PEP scepticism

Robin Becker robin at jessikat.fsnet.co.uk
Sat Jul 7 05:44:37 EDT 2001


In article <mailman.994456001.2112.python-list at python.org>, Thomas
Wouters <thomas at xs4all.net> writes
>On Fri, Jul 06, 2001 at 04:41:43PM +0100, Robin Becker wrote:
>
>> Dictators often assume they know best, but observation shows them to be
>> uniformly wrong.
>
>While I couldn't help but have a good, long, uproarish laugh about this
>comment (recent readers of python-dev will know why ;) I don't think you're
>right in this. I'm not a historian, but I do believe leaders aren't
>generally seen as dictators unless they were proven wrong.
>
>Guido may be the BDFL, but he *does* listen.
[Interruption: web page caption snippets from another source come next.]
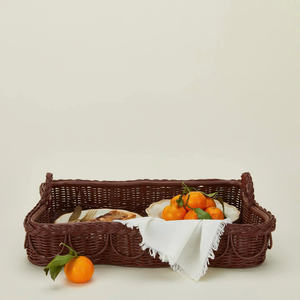 ถาดเสิร์ฟหวายสีน้ำตาลสวยหรู ทรงสี่เหลี่ยมพร้อมหูจับ ใช้เป็นตะกร้าเก็บของ สำหรับตกแต่งโต๊ะครัว โต๊ะอาหาร โต๊ะกาแฟ - Product Image 6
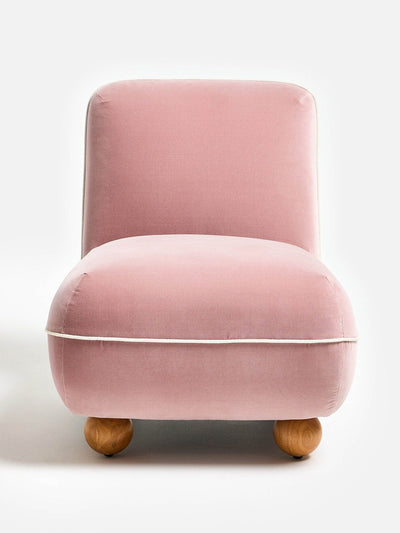 Oliver Bonas Ana dusky pink velvet accent chair at Collagerie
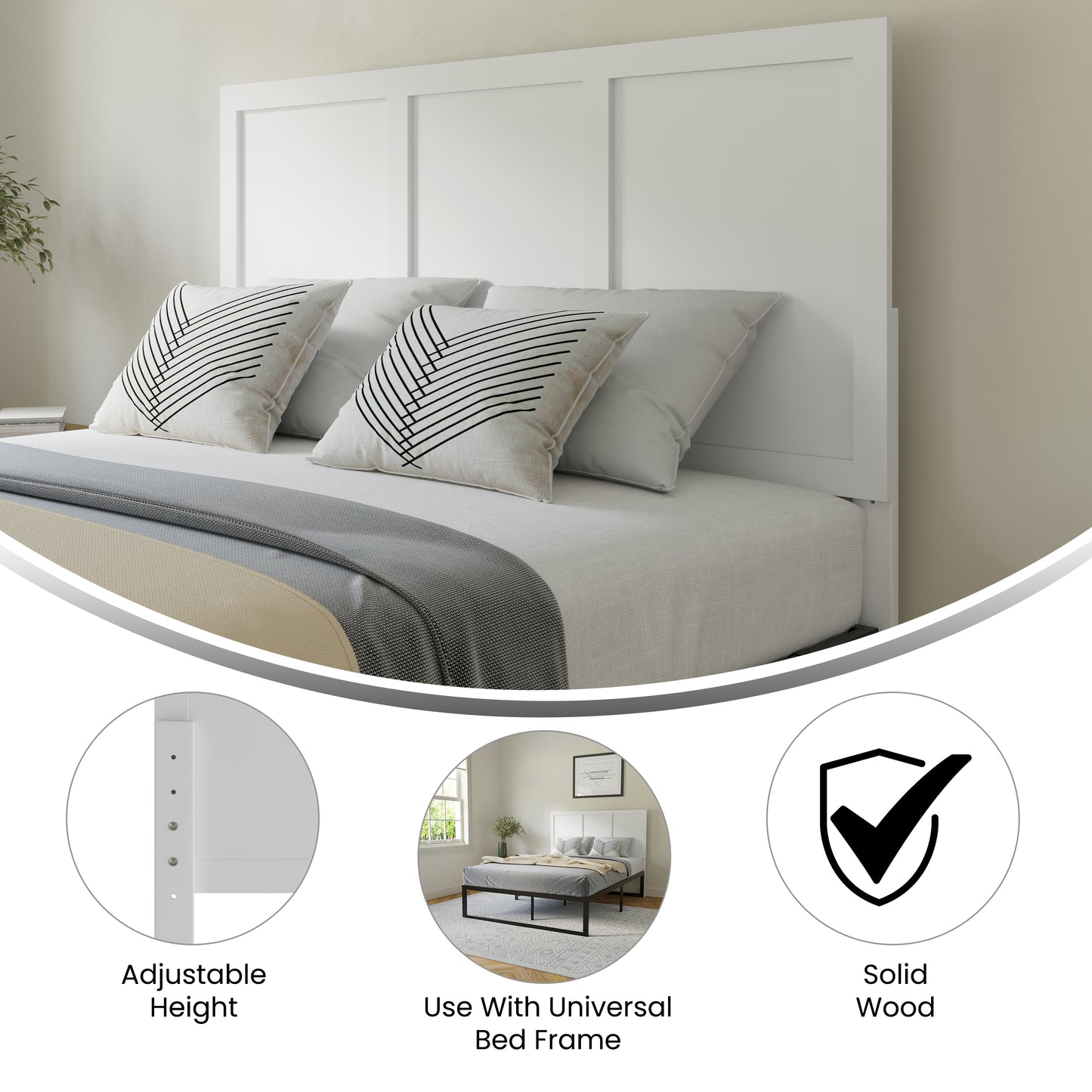 Oliver Full Size Three Panel Wooden Adjustable Headboard for Universal Metal Bed Frames in White White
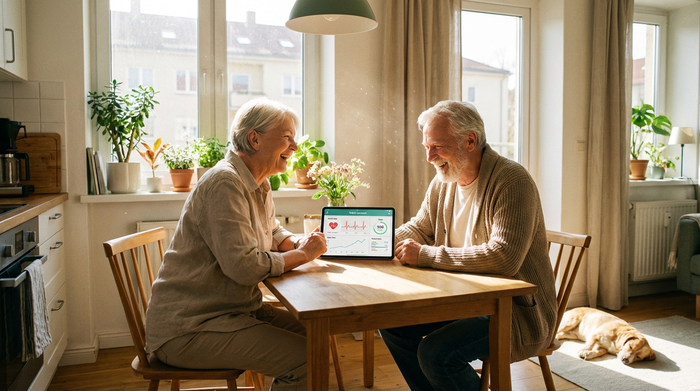 Ein älteres Ehepaar sitzt entspannt am Küchentisch in einer hellen Wohnung und betrachtet ein digitales Tablet, das eine Gesundheits-App zeigt. Fröhliche Stimmung, Sonnenlicht fällt durch das Fenster.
He may disagree, like in this
>thread, but at least he has considered the issue. Guido the Dictator made
>Python, and shaped Python into what it is right now, a damned great and
>*fun* language that you can show to your family/colleagues/total strangers
>and be proud about.
>
the reason why dictators always know best is that they define 'best';
they often redefine history as well. In the present case since you bring
it up we observe that the BDFL has faults because Python isn't perfect.
I'm probably wrong about that as it's conceivable that Guido is
optimally tracking the needs of some group of target users, I doubt it
though :) unless the group is of unit size.

My take on the language is that it's quite good, but no one has yet
written a love poem in Python.

The language is evolving as all languages do because of the needs of its
users. Five years ago the leadership said integer division was good,
today it's bad; the audience changed is all.